Liz Bird, 1958-2010

August 19, 2010

A leading expert on teacher training who made a significant contribution to the development of the profession in Africa has died.

Liz Bird was born in Reading on 20 April 1958 and educated at the Abbey School before attending the University of Cambridge to read natural sciences.

She stayed on at Cambridge to do a postgraduate certificate in education and then to work as a teacher of science and physics.

At this point, however, she branched out and spent most of the period from 1983 to 1989 in Africa, first in Sudan and then at several schools in Botswana. She eventually became head of science at a school there and then served as an examiner for the country's Ministry of Education.

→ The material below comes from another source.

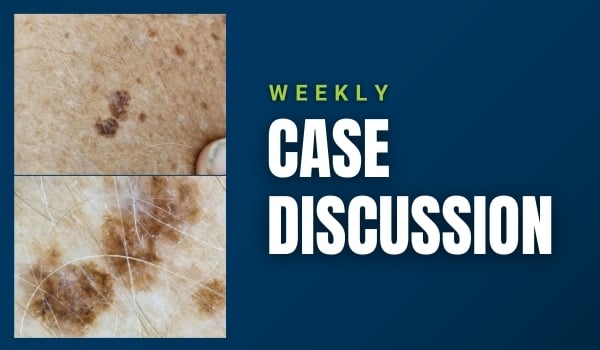 skin cancer case discussion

Returning to Britain, Ms Bird studied for an MEd at the University of Leeds and continued teaching science in schools and a sixth-form college in Hampshire and Bedfordshire, taking a career break from 1993 to 1997 to bring up her children.

In 1998, she secured a post as research assistant at The Open University, where she was to remain for the rest of her life. Within 10 years of taking up the post, she became head of the department of education.

She also embarked on a PhD on "mature entrants to teaching". Although Ms Bird did not live to complete her doctoral thesis, she was widely acknowledged as one of Britain's leading authorities on the crucial topic of teacher supply, and why some who qualify as teachers never take up the profession. She presented her findings to both the General Teaching Council and what is now the Training and Development Agency for Schools.

Her early work in Africa also led Ms Bird to become involved in The Open University's Teacher Education in Sub-Saharan Africa (Tessa) programme, which won a Queen's Award for Higher Education. As well as returning to Sudan, she worked with Iraqi teachers in both Jordan and Milton Keynes.

Frank Banks, professor of teacher education at The Open University, described Ms Bird as "industrious and detailed in administration but also very good at dealing with individuals".

He said: "She was always laughing, but very spiritual, and a woman of tremendous integrity who could be an inspirational speaker. She was an excellent teacher of teachers. There were many moving tributes from Africans who had been involved in the Tessa project and saw her death as a personal more than professional loss. Some spoke of her as a tree fallen."

Ms Bird was killed in a car crash on 10 July 2010. She is survived by her husband, Mike, two sons and a daughter.